■ **Exercise details**
An exact transcript is required of the lines below, from the one containing "a chocolate horse" through the very last; leave every picture out of it.

■ **Dataset extract**
-*-*-
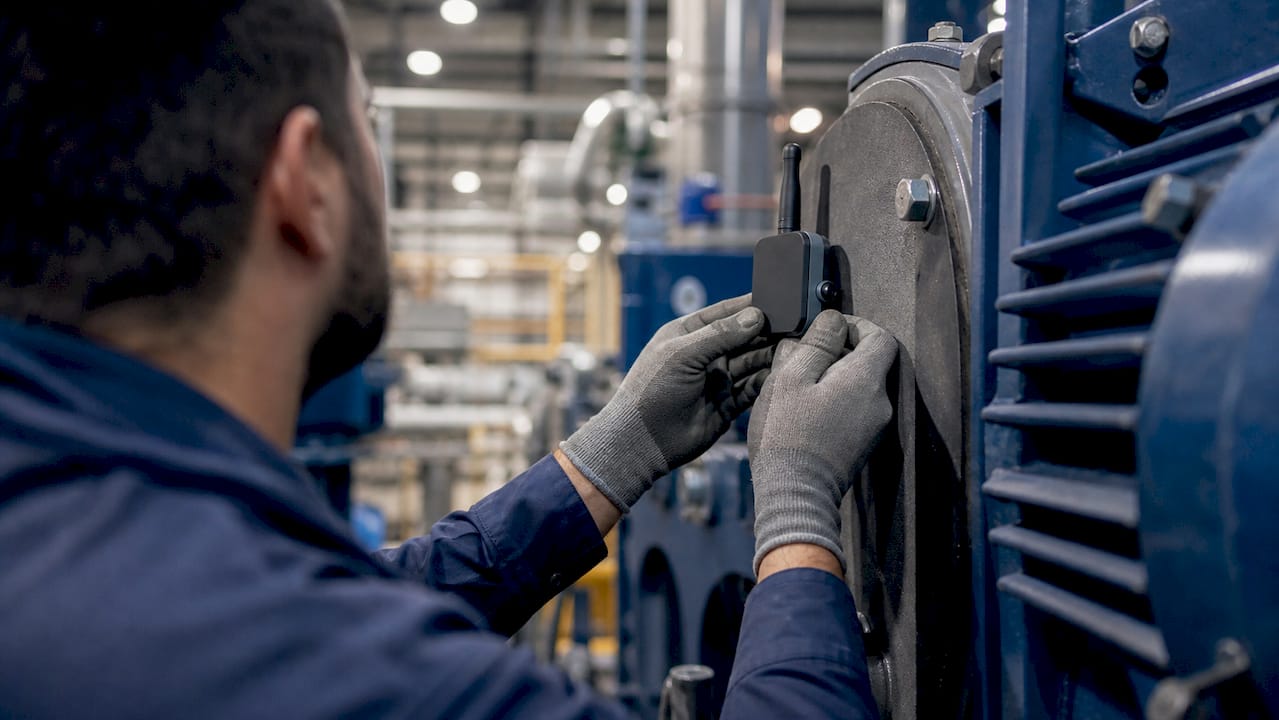 Technician adjusting IoT sensor on machine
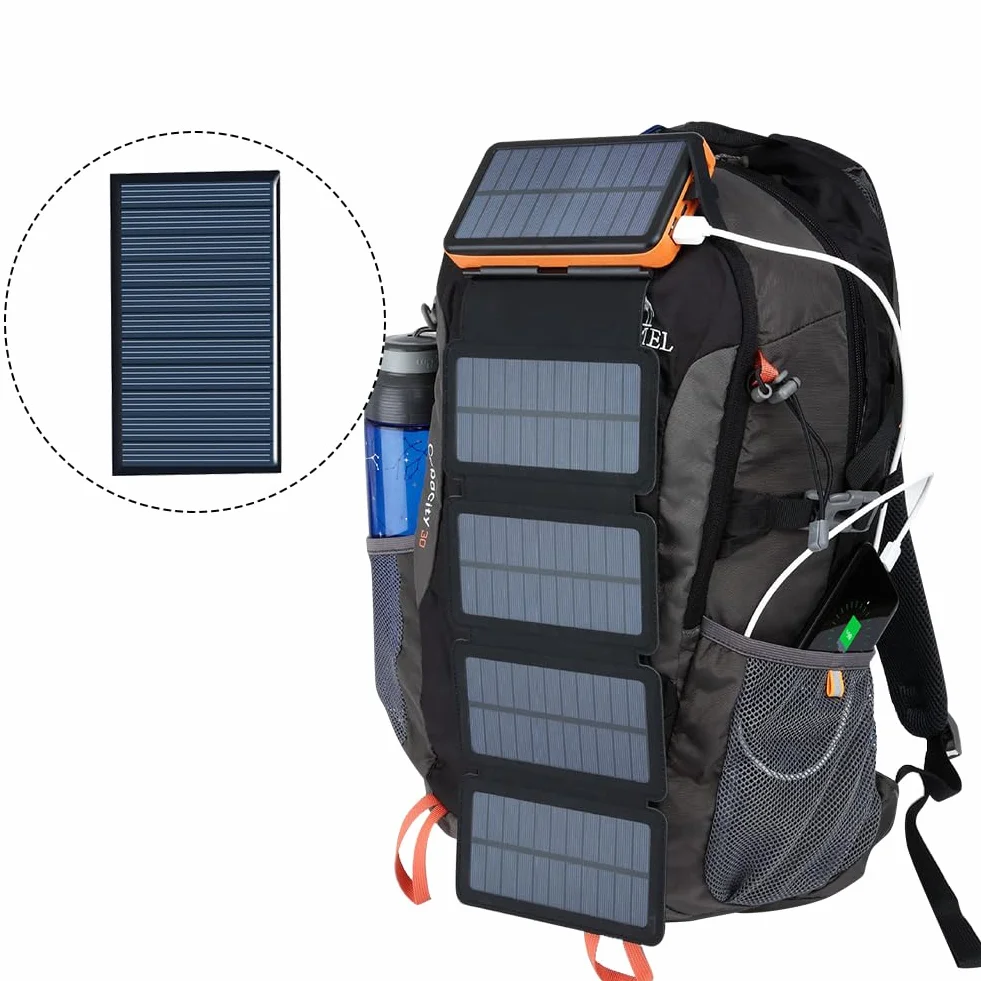 Mini panel słoneczny, mikro moduł słoneczny, mały panel słoneczny, polikrystaliczny krzem, odpowiedni do rowerów solarnych, plecaków solarnych, lamp trawnikowych, lamp, 5 sztuk, 80 x 45 mm, 5 V 100 mA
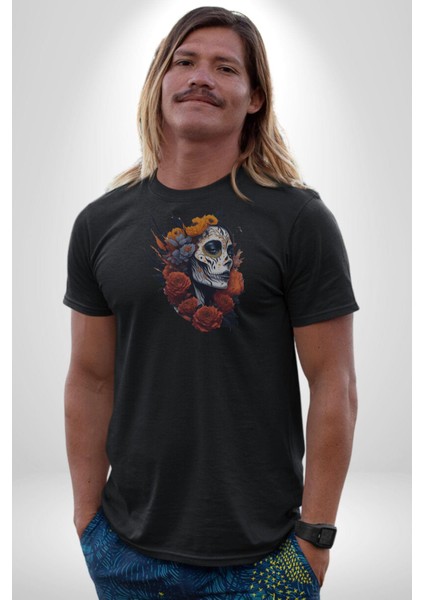 Maske Dövmeli Çiçekli Kız Kadın Erkek Unisex Siyah Organik Baskılı T-Shirt Penye Yüksek Kalite
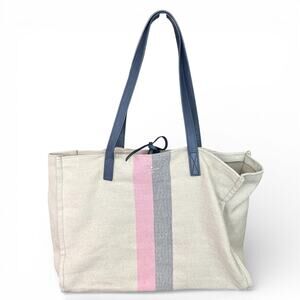 Kate Spade Washington Square Mega Sam Tote Linen Blend w/ Navy Pink Gray EUC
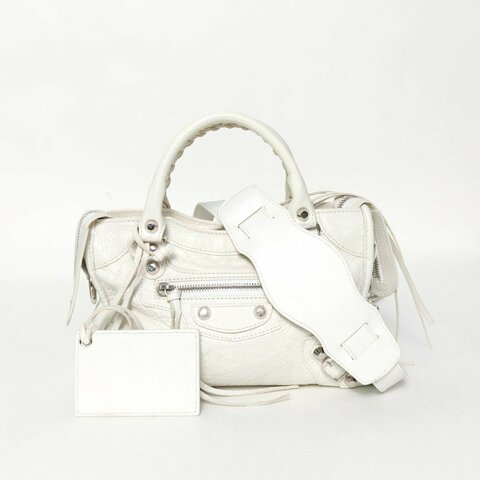 BALENCIAGA CityMini24機車包白色羊皮銀扣肩背包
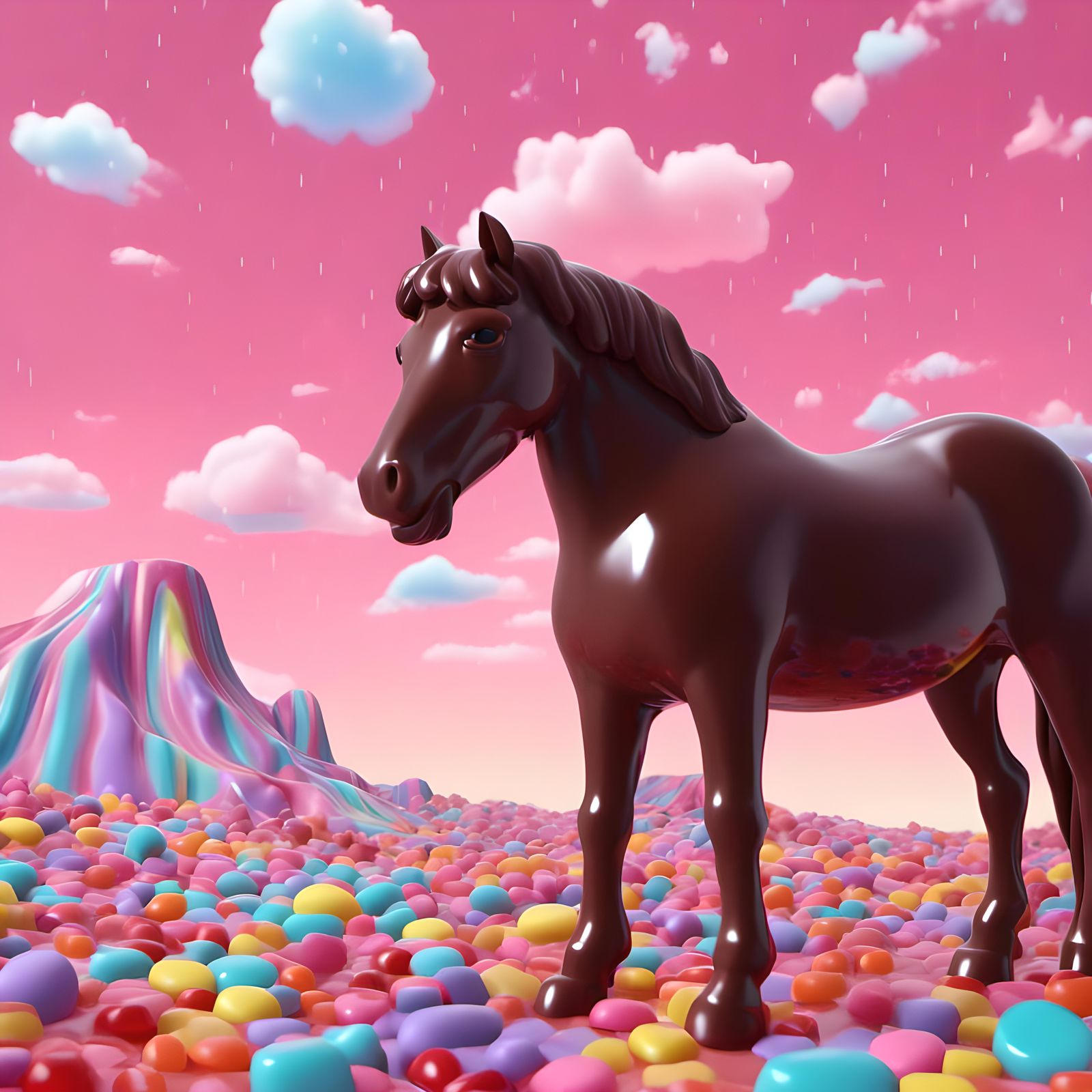 a chocolate horse in a gummy candy wonderland, gummy candy hills, cloudy sky, smooth cgi animation, <lora:CandyLand Test 29:1.0> 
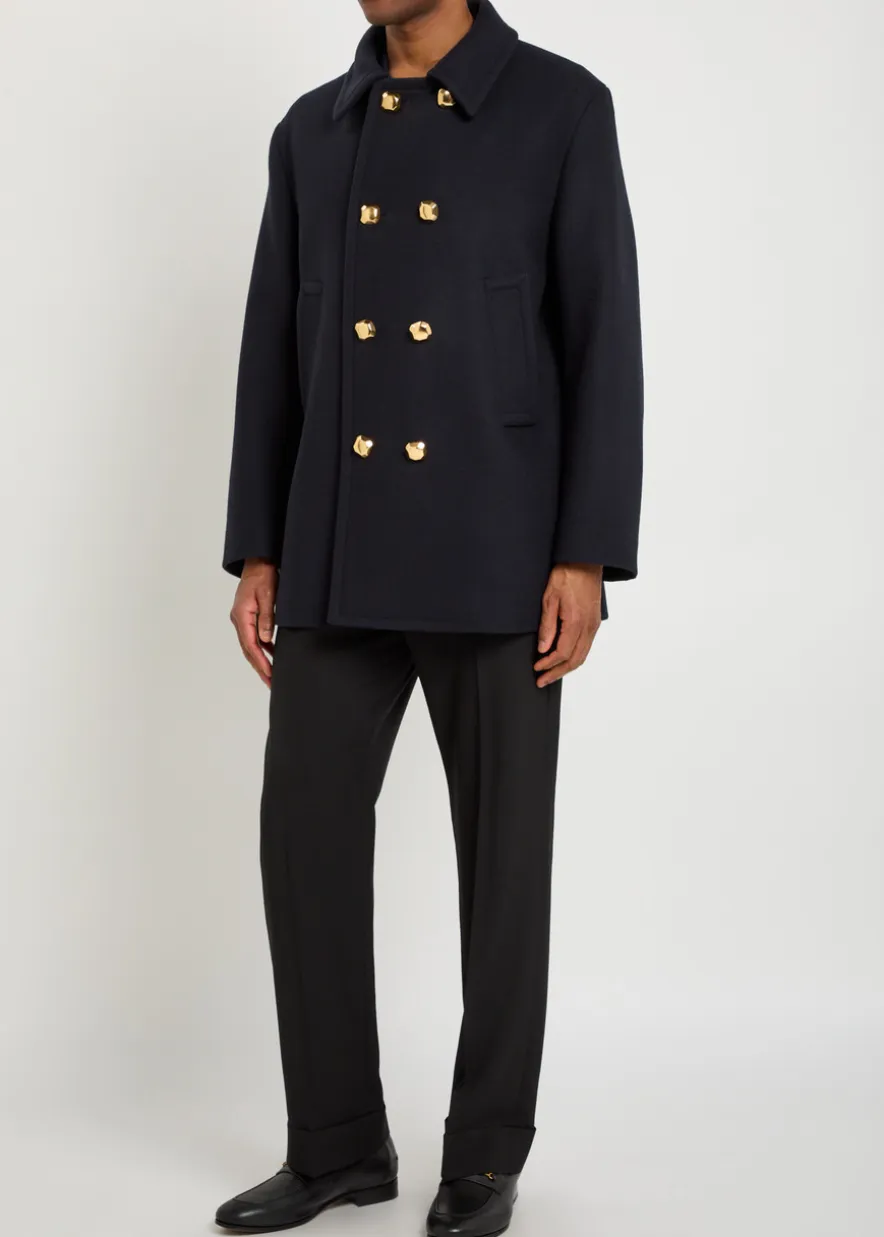 Double-breasted wool peacoat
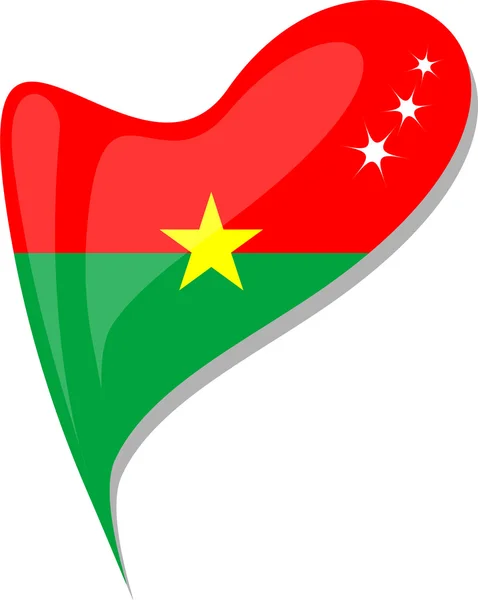 Burkina faso in hart. pictogram van de vlag van burkina faso — Stockvector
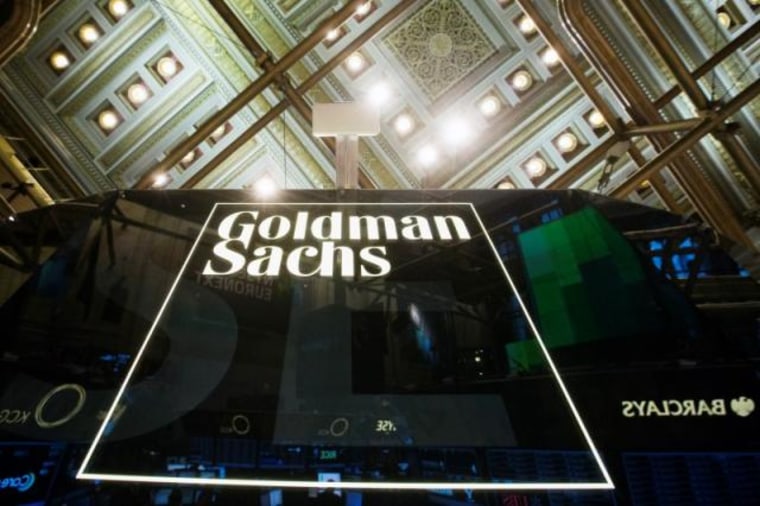 Goldman Sachs sign is seen above floor of the New York Stock Exchange shortly after the opening bell in the Manhattan borough of New York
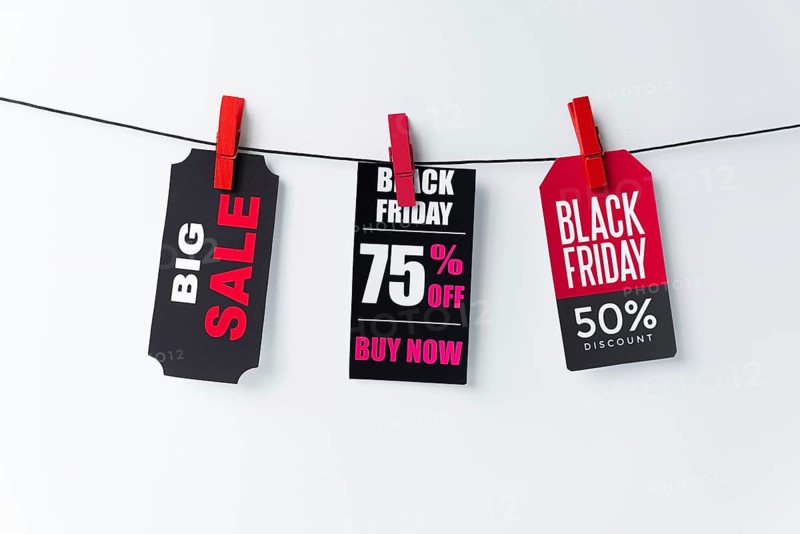 Collection hanging tags plain background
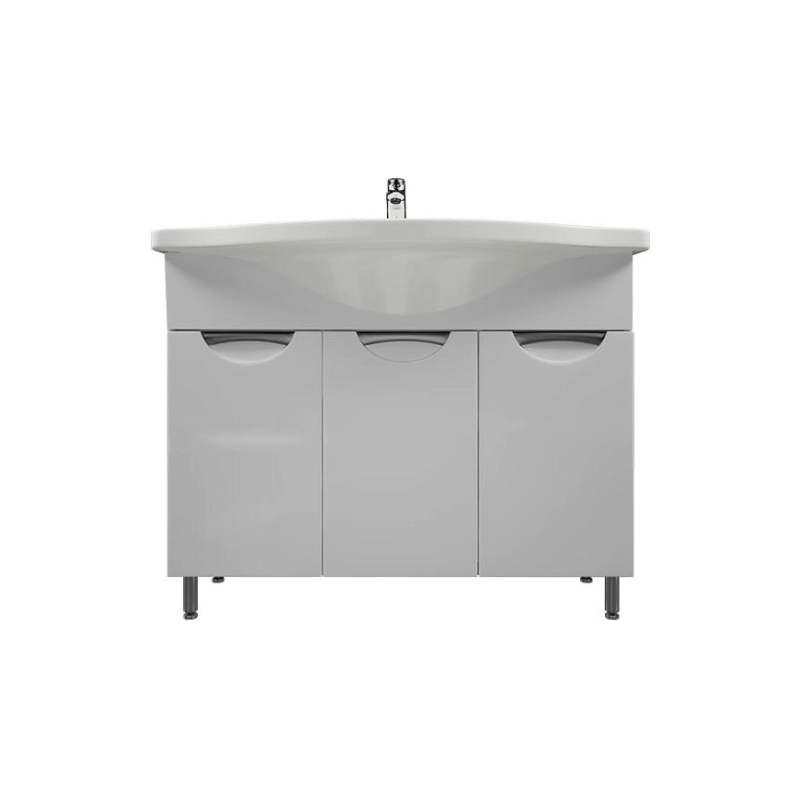 Тумба Камилла 100/3 100х70х31 см, напольная, с раковиной Эльбрус 100, белый, УТ000008396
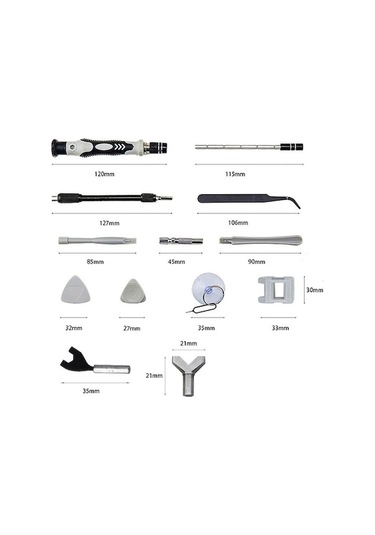 Pazly Tornavida Telefonu Tamir Sökme Seti Saat İn Gri Fonksiyonlu Çok Cep Aracı Alet 138 1 Dq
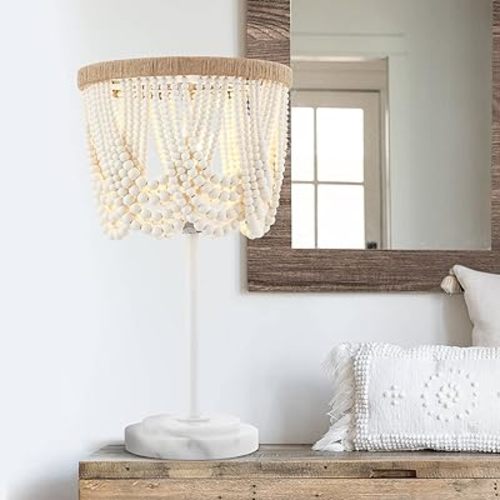 VILUXY Bohemia Wood Beaded Table Lamp Antique Rustic Bedside Nightstand Lamp White Finishing for Bedroom, Nursery Room, Girl Room, Hallway, Entryway, Passway, Dining Room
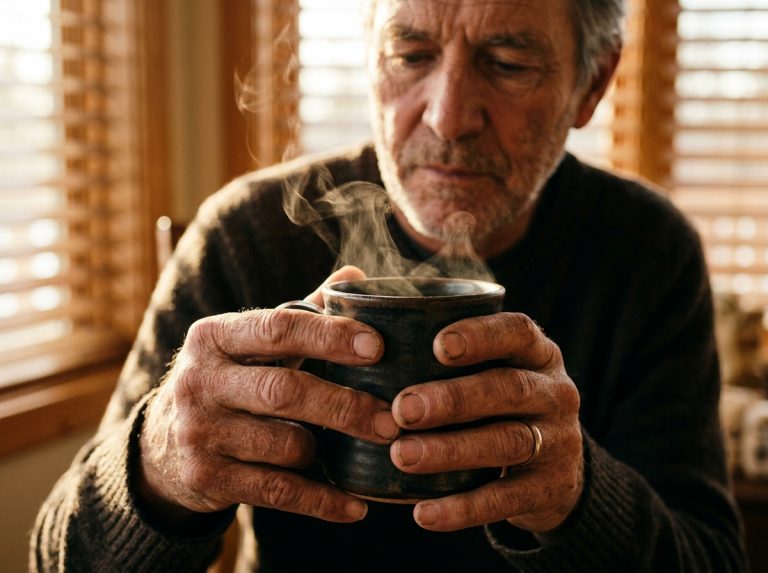 man holding warm coffee cup morning light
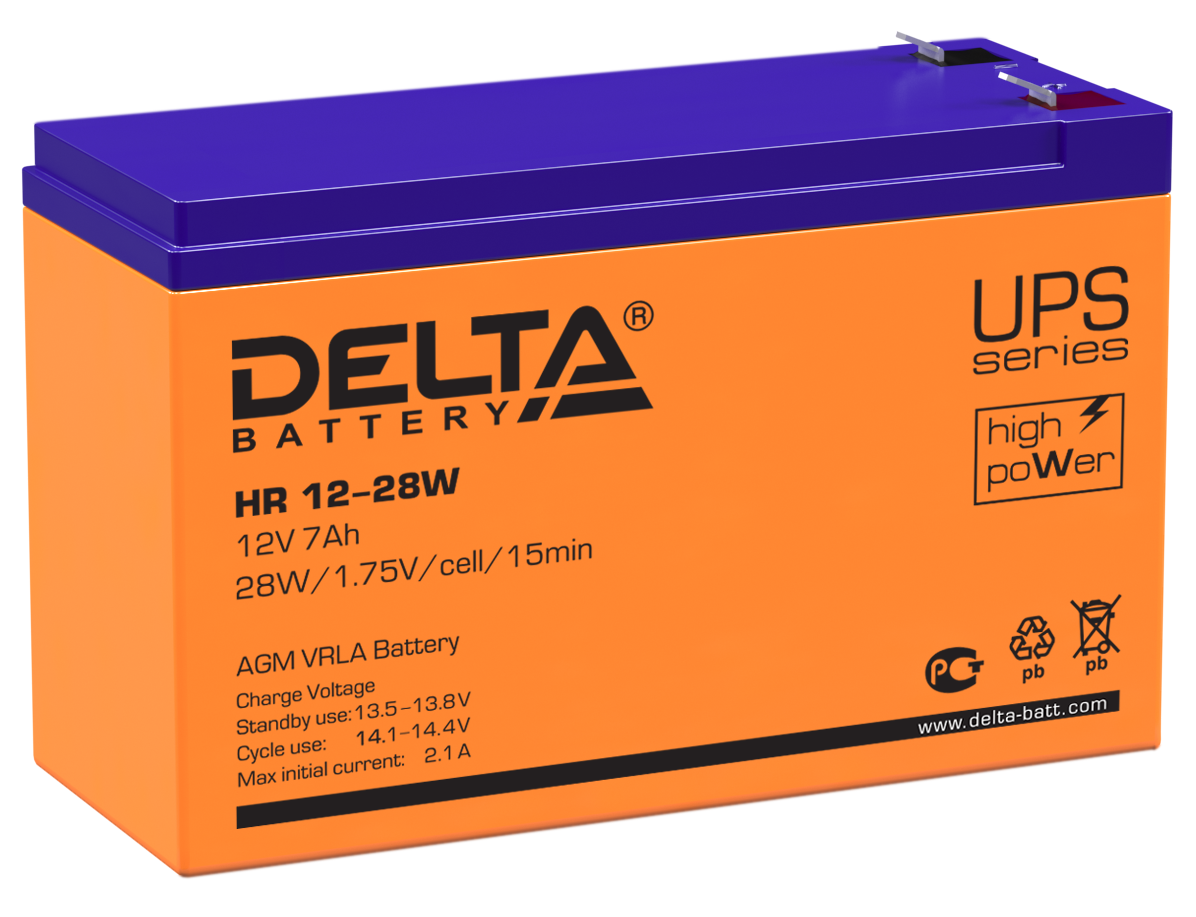 

Батарея Delta HR 12-28 W 12В, 7Ач, 151/65/100, HR 12-28 W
-*-*-
■ **Finished exercise**
 a chocolate horse in a gummy candy wonderland, gummy candy hills, cloudy sky, smooth cgi animation, <lora:CandyLand Test 29:1.0> 
 Double-breasted wool peacoat
 Burkina faso in hart. pictogram van de vlag van burkina faso — Stockvector
 Goldman Sachs sign is seen above floor of the New York Stock Exchange shortly after the opening bell in the Manhattan borough of New York
 Collection hanging tags plain background
 Тумба Камилла 100/3 100х70х31 см, напольная, с раковиной Эльбрус 100, белый, УТ000008396
 Pazly Tornavida Telefonu Tamir Sökme Seti Saat İn Gri Fonksiyonlu Çok Cep Aracı Alet 138 1 Dq
 VILUXY Bohemia Wood Beaded Table Lamp Antique Rustic Bedside Nightstand Lamp White Finishing for Bedroom, Nursery Room, Girl Room, Hallway, Entryway, Passway, Dining Room
 man holding warm coffee cup morning light

Батарея Delta HR 12-28 W 12В, 7Ач, 151/65/100, HR 12-28 W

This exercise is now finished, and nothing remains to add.